Además tenía el defecto de ser algo tartamudo; mas para ser abanderado
no se necesita gran elocuencia y la misma tarde de la batalla su coronel le
dijo:

—Tú tienes la bandera, mi bravo sargento; guárdala.

Y sobre su viejo uniforme de campaña, bien pasado ya a causa de la lluvia


y el fuego, la cantinera sobrecosió al instante un cordoncillo dorado de
subteniente.

Ese orgullo, único en su vida de humildad, irguió el cuerpo del viejo militar;
y la costumbre de caminar encorvado, con los ojos bajos, se cambió desde
entonces en el hábito de marchar orgullosamente, con la mirada en alto
para ver flotar el fragmento de tela que se mantenía en sus manos,
siempre derecho, siempre fiero, por encima de la muerte, por encima de la
traición y por encima de la derrota.

Nadie ha visto, en época alguna, un hombre tan dichoso como Hormus,


cuando en los días de batalla tenía el asta entre las manos afirmándola en
su estuche de cuero negro.

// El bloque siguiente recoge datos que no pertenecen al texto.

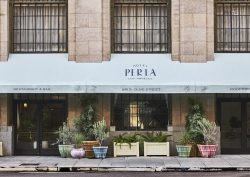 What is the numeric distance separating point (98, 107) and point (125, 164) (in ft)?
14.0

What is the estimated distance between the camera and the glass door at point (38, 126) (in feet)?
85.6

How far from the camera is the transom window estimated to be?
25.9 meters

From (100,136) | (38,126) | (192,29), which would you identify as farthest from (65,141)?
(192,29)

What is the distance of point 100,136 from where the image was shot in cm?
2430

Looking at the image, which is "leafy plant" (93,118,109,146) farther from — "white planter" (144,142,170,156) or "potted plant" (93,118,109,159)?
"white planter" (144,142,170,156)

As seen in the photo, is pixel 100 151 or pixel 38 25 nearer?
pixel 100 151

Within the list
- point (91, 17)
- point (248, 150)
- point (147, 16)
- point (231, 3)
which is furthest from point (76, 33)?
point (248, 150)

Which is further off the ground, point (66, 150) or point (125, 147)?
point (125, 147)

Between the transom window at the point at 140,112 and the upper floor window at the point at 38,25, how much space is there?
3664 mm

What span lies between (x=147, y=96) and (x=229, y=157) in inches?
172

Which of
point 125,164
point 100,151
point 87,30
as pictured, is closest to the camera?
point 125,164

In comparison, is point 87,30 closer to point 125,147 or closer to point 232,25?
point 125,147

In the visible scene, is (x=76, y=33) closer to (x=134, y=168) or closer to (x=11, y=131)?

Ni hablaba ni se movía; y serio como un
sacerdote, tenía el aspecto de guardar una cosa sagrada. Toda su vida y
toda su fuerza estaban concentradas en esos dedos que se crispaban
alrededor de un harapo glorioso sobre el cual rodaban las balas. Sus ojos
llenos de fiereza miraban de frente a los prusianos y parecían decir:
“Atrévanse, pues; traten siquiera de venir a robármela!…”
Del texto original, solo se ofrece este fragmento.